EXERCISE — Your output must hold every entry exactly as written and none of the pictures.

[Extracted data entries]

================================

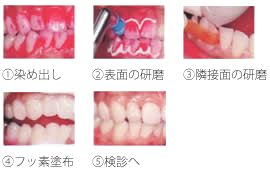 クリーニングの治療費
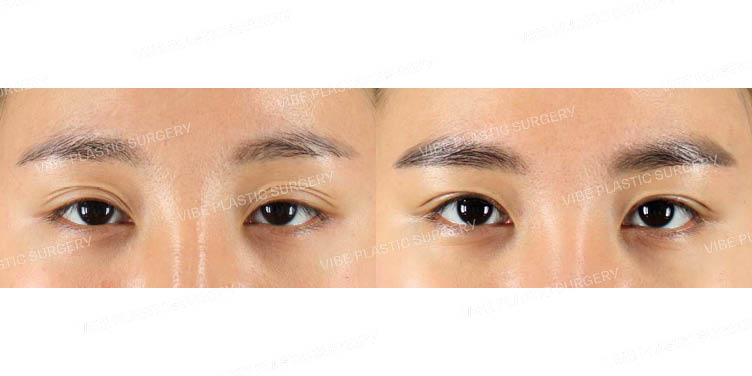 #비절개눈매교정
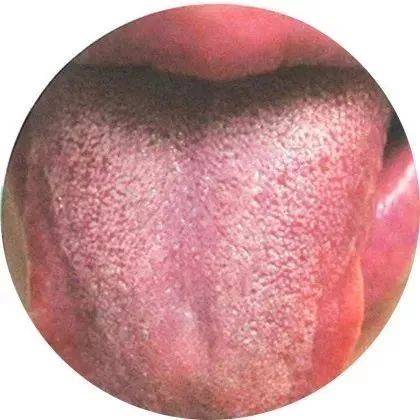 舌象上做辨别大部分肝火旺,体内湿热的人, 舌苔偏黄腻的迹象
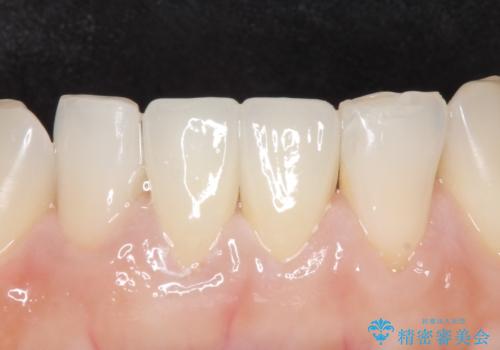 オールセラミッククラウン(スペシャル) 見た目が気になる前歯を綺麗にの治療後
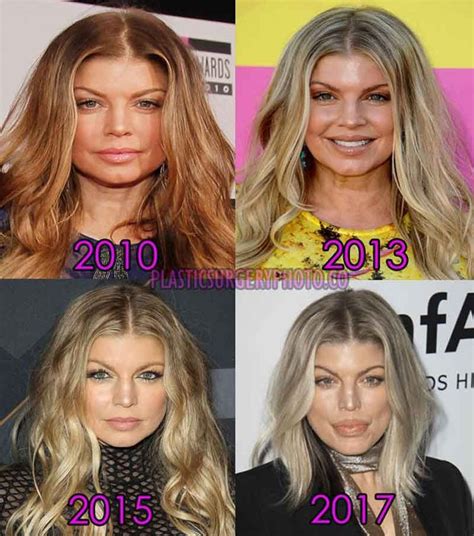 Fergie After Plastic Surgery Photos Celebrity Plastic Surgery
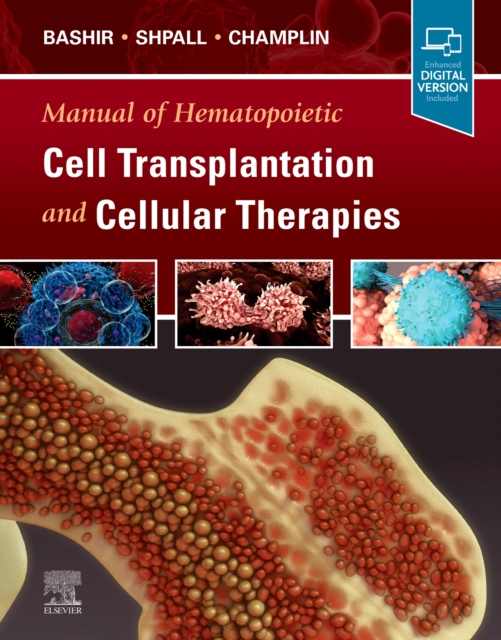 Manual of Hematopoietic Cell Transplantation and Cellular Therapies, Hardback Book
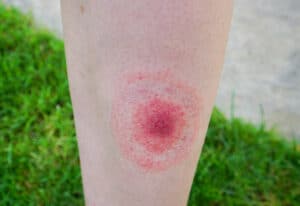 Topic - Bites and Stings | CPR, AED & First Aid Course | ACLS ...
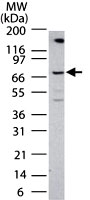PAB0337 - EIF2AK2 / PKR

================================

SOLUTION —
 クリーニングの治療費
 #비절개눈매교정
 舌象上做辨别大部分肝火旺,体内湿热的人, 舌苔偏黄腻的迹象
 オールセラミッククラウン(スペシャル) 見た目が気になる前歯を綺麗にの治療後
 Fergie After Plastic Surgery Photos Celebrity Plastic Surgery
 Manual of Hematopoietic Cell Transplantation and Cellular Therapies, Hardback Book
 Topic - Bites and Stings | CPR, AED & First Aid Course | ACLS ...
PAB0337 - EIF2AK2 / PKR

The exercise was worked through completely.